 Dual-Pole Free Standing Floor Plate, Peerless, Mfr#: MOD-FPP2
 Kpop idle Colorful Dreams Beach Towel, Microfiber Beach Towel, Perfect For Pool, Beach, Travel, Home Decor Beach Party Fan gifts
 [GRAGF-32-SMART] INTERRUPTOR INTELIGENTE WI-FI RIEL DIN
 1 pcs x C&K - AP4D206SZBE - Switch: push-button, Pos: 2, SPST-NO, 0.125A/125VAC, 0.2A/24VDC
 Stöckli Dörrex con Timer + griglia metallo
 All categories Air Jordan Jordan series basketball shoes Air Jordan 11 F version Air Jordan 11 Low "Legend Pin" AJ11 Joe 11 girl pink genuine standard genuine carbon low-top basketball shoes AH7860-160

#####

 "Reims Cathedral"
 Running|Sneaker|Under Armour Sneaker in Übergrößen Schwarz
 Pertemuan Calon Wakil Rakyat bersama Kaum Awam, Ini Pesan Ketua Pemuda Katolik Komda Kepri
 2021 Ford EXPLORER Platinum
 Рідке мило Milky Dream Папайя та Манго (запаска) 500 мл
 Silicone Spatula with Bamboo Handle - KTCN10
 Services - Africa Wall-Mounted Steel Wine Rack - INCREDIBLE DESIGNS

#####

ASSIGNED TASK:
Above are the records. Copy the lines beginning at the one that has "Dual-Pole Free Standing" and ending with the one that has "Stöckli Dörrex con Timer + griglia metallo", unchanged.

SOLUTION TO THIS EXERCISE:
 Dual-Pole Free Standing Floor Plate, Peerless, Mfr#: MOD-FPP2
 Kpop idle Colorful Dreams Beach Towel, Microfiber Beach Towel, Perfect For Pool, Beach, Travel, Home Decor Beach Party Fan gifts
 [GRAGF-32-SMART] INTERRUPTOR INTELIGENTE WI-FI RIEL DIN
 1 pcs x C&K - AP4D206SZBE - Switch: push-button, Pos: 2, SPST-NO, 0.125A/125VAC, 0.2A/24VDC
 Stöckli Dörrex con Timer + griglia metallo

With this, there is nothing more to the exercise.